John Menadue–Power prices – we ain’t seen nothing yet!

Jul 22, 2014

We have seen wild exaggeration about the effects of the carbon tax on prices and the economy. It has all turned out to be quite a fizzer. The price increases we have seen have little to do with the carbon tax and the economy continues to grow steadily. Whyalla has survived.

But we have a real problem just around the corner in energy policy. The price of domestic gas is likely to at least double in the next year or so as the domestic price of gas rises to meet the international price. Compared with the impact of the carbon tax, this increase in domestic gas prices will be quite severe.  By comparison, the carbon tax will be seen like a blip on the horizon.

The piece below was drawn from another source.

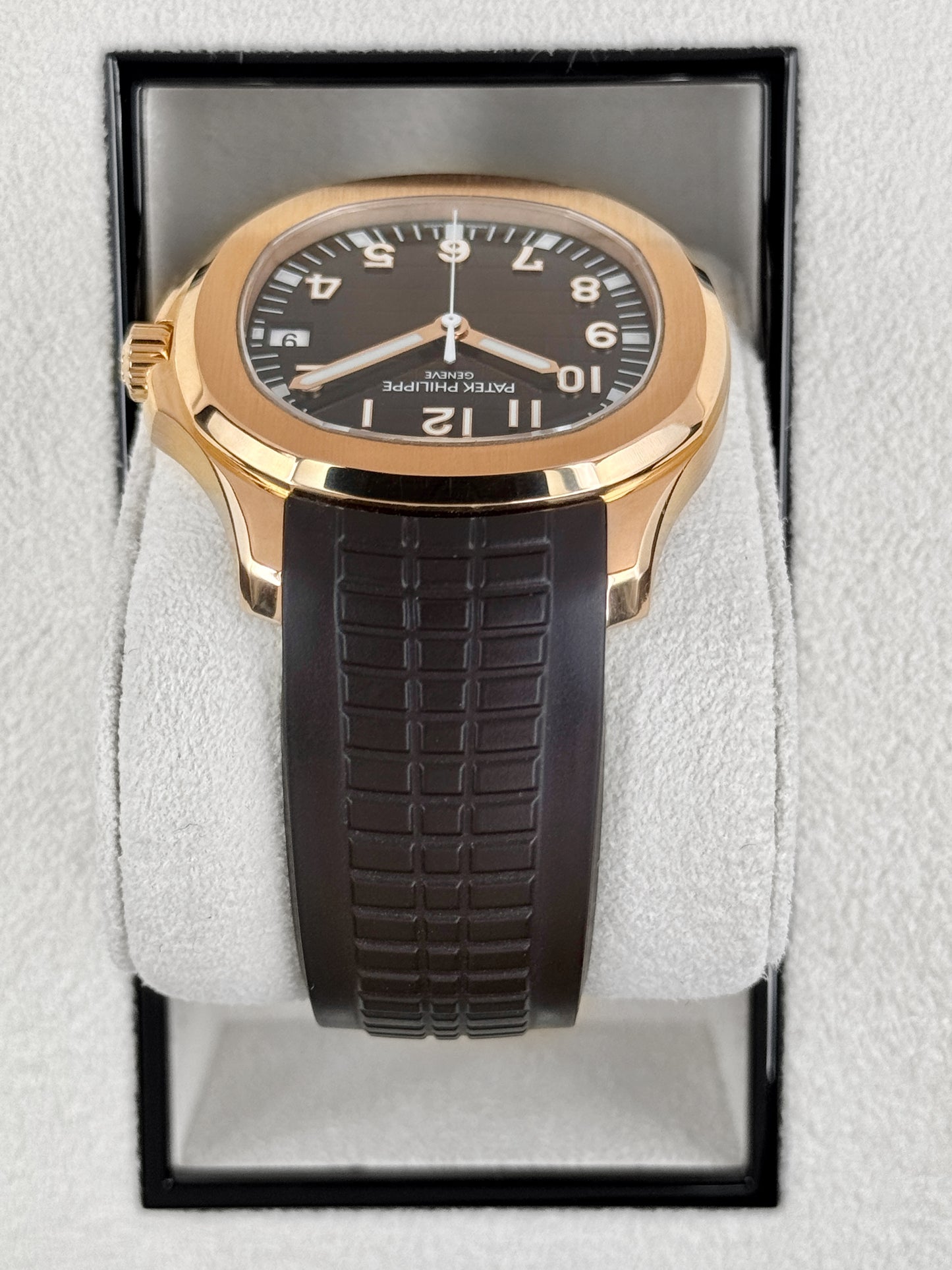 2023 Patek Philippe Aquanaut 40mm 5167R-001 Rose Gold Brown Dial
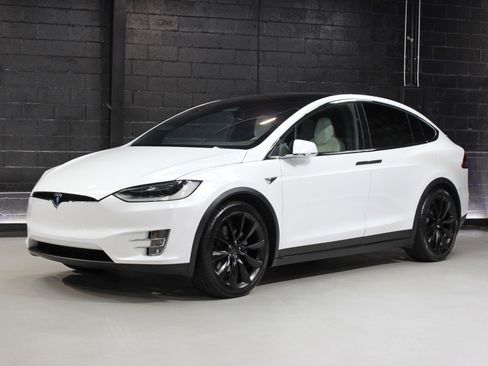 Used 2017 Tesla Model X 100D image 89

Deloitte Access Economics has just warned that if the gas rise goes unchecked, the manufacturing sector alone will contract by as much as $118 billion by 2021, with nearly 15,000 jobs lost. It suggests the mining sector might contract by $34 billion and agriculture by $4.5 billion.

Australian gas consumers are naturally concerned because of the $70 billion coal seam gas export project at Gladstone. It is nearing completion and it is likely that our domestic prices for gas will increase to match the export prices from Gladstone.

Gas is vital for a whole range of industries in Australia – electricity generation, glass and plastics, fertilisers, cement, metals and ceramics – and of course home heating and cooking. Our manufacturing sector has been struggling with the high dollar, but relatively low gas prices have been very important. That is going to change.

As Bruce Robertson in the SMH has pointed out, historically our east coast had relatively cheap gas from Bass Strait and the Cooper Basin. It was a domestic market largely shielded from world prices. That will change dramatically with the export gas terminal in Gladstone which will draw gas out of the domestic market into the export market because of higher prices overseas, particularly in Asia.

The coal seam gas moratorium in NSW and Victoria is peripheral at the moment. The main driver of increased gas prices in the years ahead will be the catch-up to export prices driven by the very large coal seam gas project at Gladstone.

This seems absurd for a country that has some of the richest energy and gas fields in the world. Tony Abbott says that Australia aspires to be the ‘affordable energy capital’ of the world.

We need to seriously consider reserving necessary gas for Australia’s domestic purposes including the 40% of our gas used by industry.

Free marketeers will tell us that we should not interfere in the market – that we should let domestic prices rise to export prices, otherwise it will discourage investment. But how ‘free’ is the market? There is concentrated ownership of reserves and limited competition with tightly held gas fields reserved for LNG export. The major companies have joint marketing arrangements which limit competition. There is really a cosy club of big international players that distorts the market.

We have given some of these major international companies the right to reserve our gas for export. Some of our very large gas resources are, or will be, held back for export where there will be higher prices.

In 2012, the OECD observed ‘these [gas] markets are far from being liberalised. [They are] characterised by a lack of competition both upstream [where relevant] and downstream’.

Many countries insist that their substantial gas reserves must pass the test of ‘value-adding’. Gas is reserved for domestic use if it can be demonstrated that that ensures greater value for the supplier country. After all, the gas belongs to the country and its people – and not the international companies. In WA the government has enacted legislation to shield domestic gas consumers. In the US, domestic gas prices are kept low by limiting export licences. In different ways most other countries with large gas reserves ensure that there is adequate domestic supply.

On the ABC on the 30th April this year, asked by Tony Jones ‘Should a national energy policy include putting aside gas reserves for domestic use’, Jeff Kennet replied ‘Well, certainly, if you don’t provide for your own you, very quickly find out that your own aren’t there or they are of a sub-class in terms of the region in which we live’.

The ‘debate’ about the carbon tax is really just a curtain-raiser to the very serious discussion we need to have about the reservation of Australian gas for domestic use.

To what extent are we prepared to limit export licences for gas until the domestic market is adequately supplied? I am not persuaded that the large international gas companies will put Australia’s interests first.